Consider the system in Figure 1. The heat source — whatever it is — delivers heat to the circulating water at 50,000 Btu/h. The distribution system is a series loop with 154 feet of residential fin-tube baseboard. The high limit controller on the heat source is set to turn it off if and when the water temperature leaving the heat source reaches 200° F.

When the system is put into operation, the water leaving the heat source steadily climbs to 160° F, and stabilizes at that temperature. The system has reached thermal equilibrium at that condition. The 50,000 Btu/h being added to the circulating water by the heat source is being dissipated from the water as it passes through the 154 feet of baseboard.

160° F is 40° F lower than the temperature setting of the controller operating the heat source. Some might see such a condition as an “obviously” defective controller. It’s not. Even if the high limit controller was set for 250° F, the supply water temperature in this system would not climb above 160° F. There’s no thermodynamic “need” for the temperature to climb any higher because the rate of heat dissipation by the distribution system is balanced with the rate of heat input by the heat source. This also demonstrates that the high-limit controller on a heat source isn’t necessarily “in charge” of the system’s water temperature. Instead, it is there to prevent an over-temperature condition if and when such a condition might occur.

The concept of thermal equilibrium is a powerful guide for those designing hydronic heating systems. The design objective is to ensure that thermal equilibrium is established at conditions that provide excellent comfort, and do not adversely affect the operation, safety or longevity of the system’s components.

### Flow fundamentals

There’s another form of energy being put into and dissipated from the fluid in hydronic systems as they operate. It’s mechanical energy called “head.” An operating circulator converts electrical energy into head energy and imparts it to the fluid.

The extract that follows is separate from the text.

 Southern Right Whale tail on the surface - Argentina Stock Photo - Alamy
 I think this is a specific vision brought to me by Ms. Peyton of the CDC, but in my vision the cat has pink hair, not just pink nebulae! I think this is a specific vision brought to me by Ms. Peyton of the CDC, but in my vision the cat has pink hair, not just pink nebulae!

At the same time, every component through which flow passes dissipates head energy because of friction between water molecules, and between those molecules and the surfaces of the components they pass through.

All hydronic circuits will stabilize at a flow rate where the rate of head energy input exactly matches the rate of head energy dissipation. This is hydraulic equilibrium, and it is usually achieved within a few seconds of turning on the circulator. The concept of hydraulic equilibrium is illustrated in Figure 2.

The system remains in hydraulic equilibrium until the system curve or pump curve changes. The system curve would change due to a valve adjustment, a zone valve opening or closing, and to a lesser extent by changes in fluid’s density and viscosity as it warms up or cools down. The pump curve changes if the circulator changes speed. When and if such changes occur, the system quickly settles to a new flow rate where head energy input from the circulator matches head energy loss from the currently configured piping system.

You can predict the condition at which hydraulic equilibrium will occur. It’s done by first constructing a head loss curve for the circuit, and then overlaying it with the pump curve of a circulator used in the system. An example is shown in Figure 3.

The point where these curves cross is called the operating point and is the only possible condition where head input exactly balances head dissipation. In other words, this is the point where hydraulic equilibrium occurs.

You’ve heard that “nature likes a balance.” This is perfectly illustrated through thermal and hydraulic equilibrium in all hydronic systems. Our task as designers is to also ensure the system delivers the desired comfort, operates efficiently and safely while operating at both thermal and hydraulic equilibrium. When you ponder the operation of your systems from these standpoints it all just makes sense.